Это в практическом отношении. В теоретическом отношении сущность должна являться в феномене. Сдержанная ирония не полагает, подобно некоторым умникам, что за феноменом постоянно что-то должно скрываться; но она препятствует и всякому обожествлению феномена; она учит брать во внимание контемпляцию, но при этом оберегает от неоправданного преклонения перед ней, которое полагает, что для того, чтобы дать представление, например, о мировой истории, необходимо такое же время, какое понадобилось миру, чтобы прожить ее.

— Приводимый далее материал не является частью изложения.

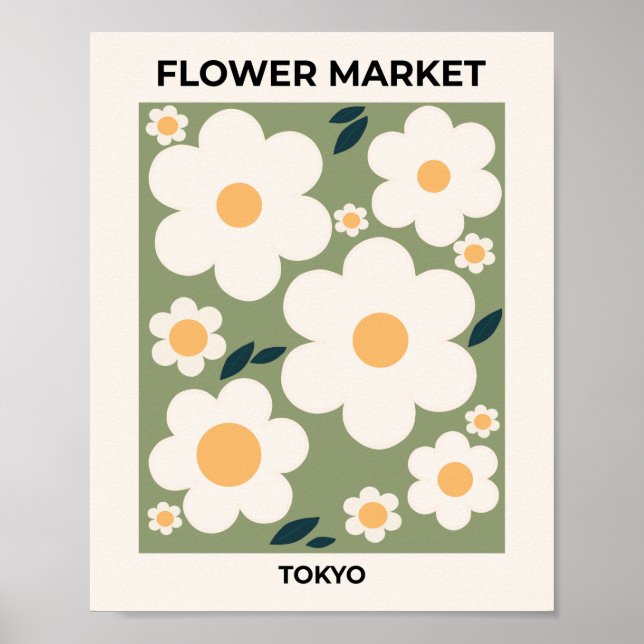 Retro-Blume Markt Tokio Abstrakte Blume Poster (Vorne)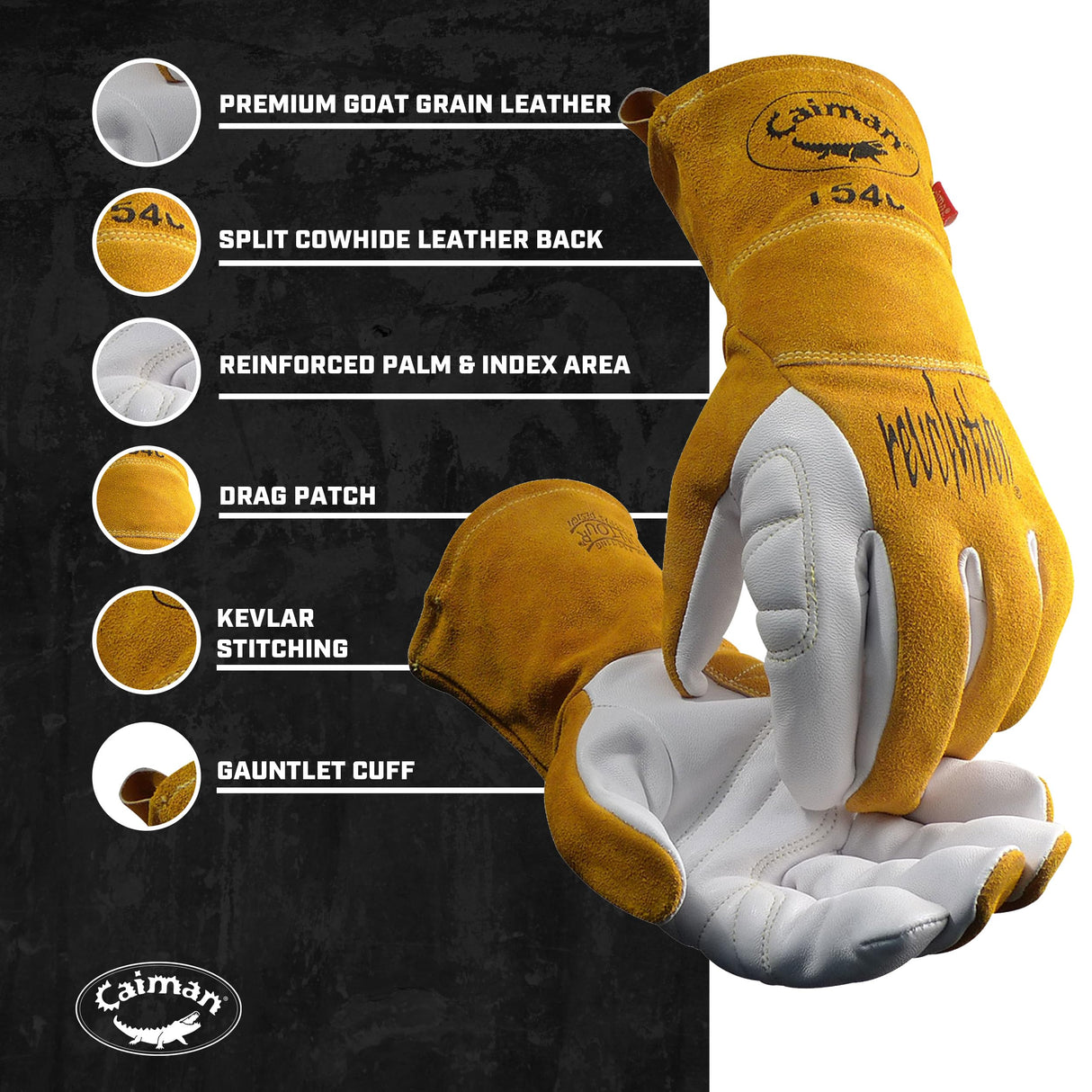 Caiman Premium Goat Grain TIG/Multi-Task Welding Gloves, Split Cowhide Back, 4-Inch Extended Cuff, White/Gold, Large (1540-5) Caiman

И наконец, может возникнуть вопрос о «вечной законности» иронии. На него можно ответить, лишь обратившись к юмору. Юмор наполнен гораздо более глубоким скепсисом, чем ирония, потому что он нацелен не на конечное, а на греховное; скепсис юмора относится к скепсису иронии как незнание к старому присловью: credo quia absurdum; но он гораздо более позитивен, он оперирует не человеческими, а богочеловеческими определениями, он не успокаивается, делая человека человеком, а успокаивается, лишь делая его богочеловеком. <...>

ПРИМЕЧАНИЯ:

  1. "Если мы, например, начинаем размышлять о знакомом кем представлении становления, то мы замечаем, что то, что становится, не есть, и однако, оно также и есть; оно — тождество бытия и небытия». Цит. по: Гегель. Сочинения. М.. 1932. Т. 10. С. 50.
  2. Докетизм (Doketisme) — еретическое воззрение, согласно которому Иисус не имел человеческого тела, а лишь видимую оболочку.
  3. Iohan Tauler. Nachfolgung des armen Lebens Christi. Frankfurt a. M. 1821. S. 254. «Но именно эта утрата, это исчезновение и является истинным, подлинным обретением». Пер. с нем. Д. Мироновой.
  4. I. G. Fichte. Nachgelassene Werke, berausg. von 1. H. Fichte. Bonn, 1834-35.
  5. Контемпляция (Contemplation) — термин, употребляемый К. для выражения исторического взгляда, прослеживающего внутреннюю взаимосвязь событий; в этом смысле контемпляция противоположна спекуляции (Spekulation).
  6. Taugenicht (нем.) — бездельник. Киркегор имеет в виду рассказ Эйхендорфа «Из жизни бездельника» (I. von Euchendorf. Aus dem Leben des Taugenichts.).
  7. Мораль и добродетель (Moral og Saedelighed). Киркегор подчеркивает разницу между моралью и добродетелью. Добродетель он понимает как высшее единство права (retten) и морали, высшую этическую ступень.
  8. Киркегор имеет в виду Карла Гуцкова (Karl Gutzkov), посаженного в тюрьму в 1835 г. за непристойные сочинения.